The City of Savannah has preserved this ward design within its Historic District. Oglethorpe originally laid out six wards in Savannah. The design proved remarkably adaptable as the city grew, and city officials continued this same basic model for more than a century. Ultimately, twenty-four wards were laid out in general accordance with the original design, filling most of the original square-mile town common. Each square is unique, reflecting the ambiance created by each ward.
We had been warned that one walks a lot to enjoy the various squares. Thus, we opted to spend the morning riding around this historic district on a tour trolley. Thus, during the 90-minute tour, we saw each of the squares and the amazing number of historic homes and buildings that were breathtaking. This allowed us to take everything in and start plotting where we would like to spend more time exploring.
Since it was now around 1 o’clock, we first opted for lunch at Joe’s Crab Shack on the edge of the Savannah River. As we enjoyed, fried calamari, fried crab balls, steamed crabs, shrimp and sausage with corn on the cob and boiled potatoes, all washed down with a tall, cold beer, we watched the Georgia Queen, a paddlewheel tour boat ease down the river.
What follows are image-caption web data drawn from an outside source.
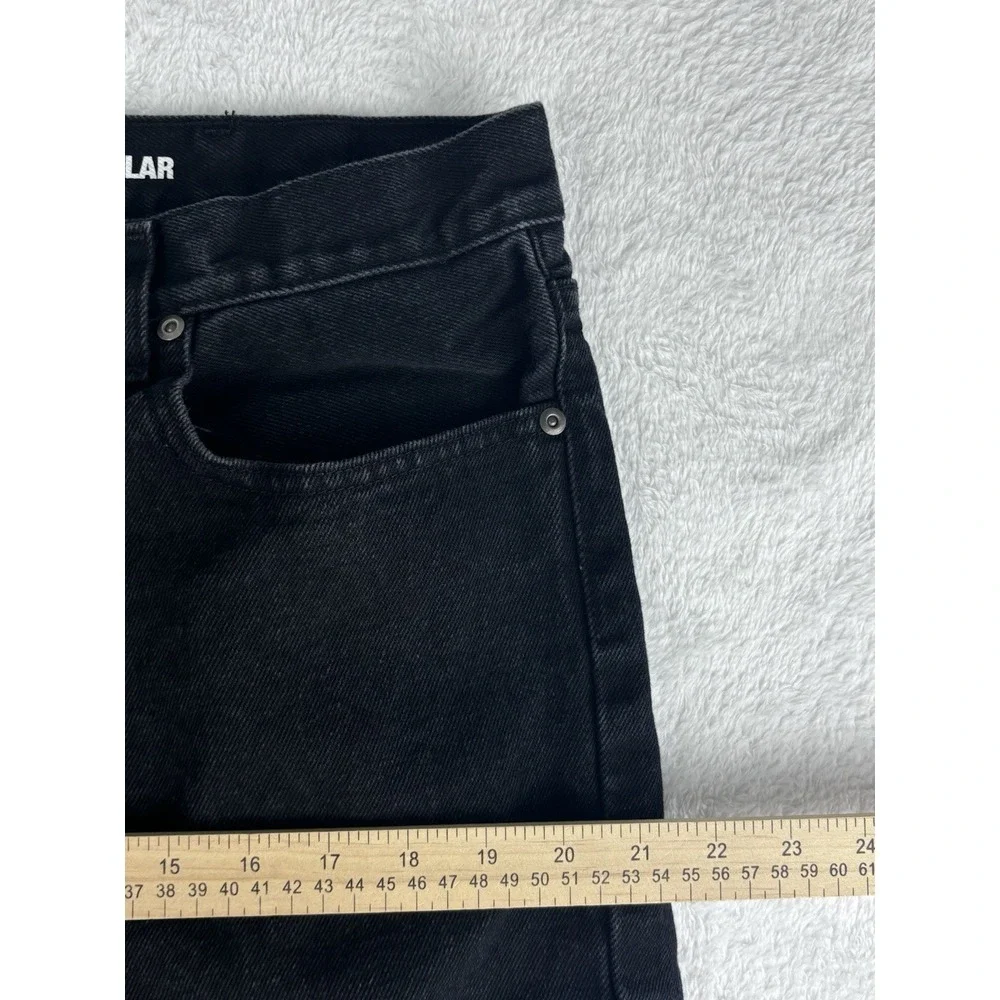 George Jeans Mens Black Straight Leg Mid Rise Jeans Size 36x32‎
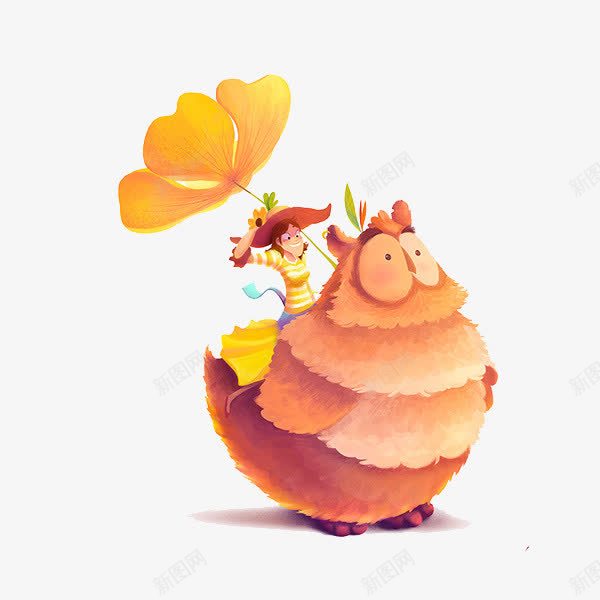 小鸟坐骑png免抠素材_88icon https://88icon.com 儿童插画 卡通 卡通人物 卡通动物 可爱 小女孩 小鸡 插画 故事插画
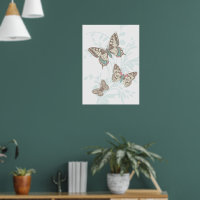 Papillons d'art graphique et affiche florale
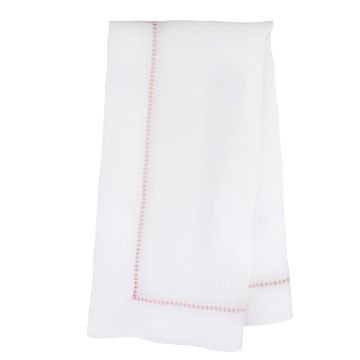 White linen napkin pink hemstitch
During lunch we decided to spend the rest of the afternoon enjoying the city’s museum and then return to Savannah on Friday to leisurely explore the historic district with its many squares and its historic homes.
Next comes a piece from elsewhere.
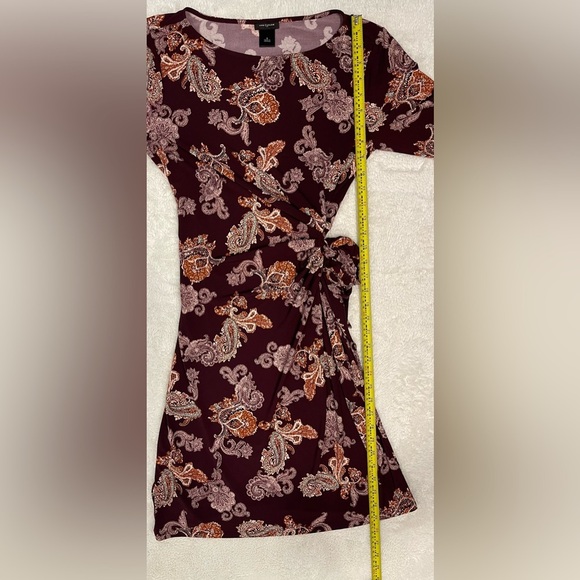 Ann Taylor Women's Sheath Dress Small Gathered Front Tie 3/4 Sleeves Stretchy - Picture 5 of 6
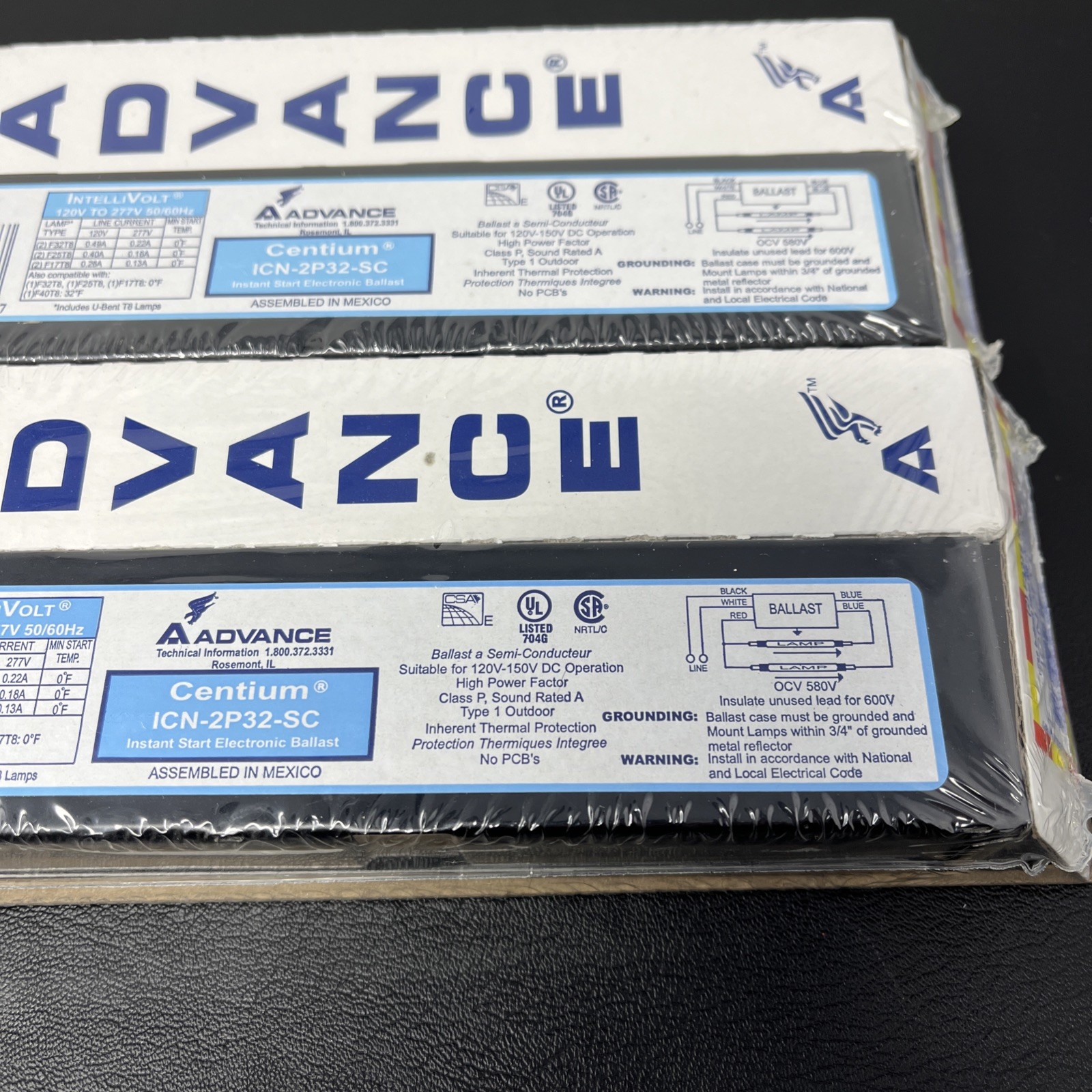 ADVANCE LIGHTING BALLAST CENTIUM ICN-2P32-SC Lot of 2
As we strolled down the riverfront, we just had to stop in a cookie store and then a candy store. The candy store was making the various goodies they had on display. They had one area where a fellow was pulling taffy. It was then fed into a machine that chopped it into individual pieces, wrapped in paper and the dropped into a chute, then slide down into a cart, was lifted up to an overhead conveyor, then slide down another chute and into a bin, where you could select the very fresh taffy. It was a hoot to watch.
Armed with bags of cookies and candy, we returned to our car and drove over to the museum where we spent the rest of the afternoon. We learned a lot of neat history about Savannah and Mary Margaret specially enjoyed the special room dedicated to Juliette Gordon Low, the founder of Girl Scouts.
We are going to spend tomorrow being lazy and then return to Savannah on Friday to explore some more.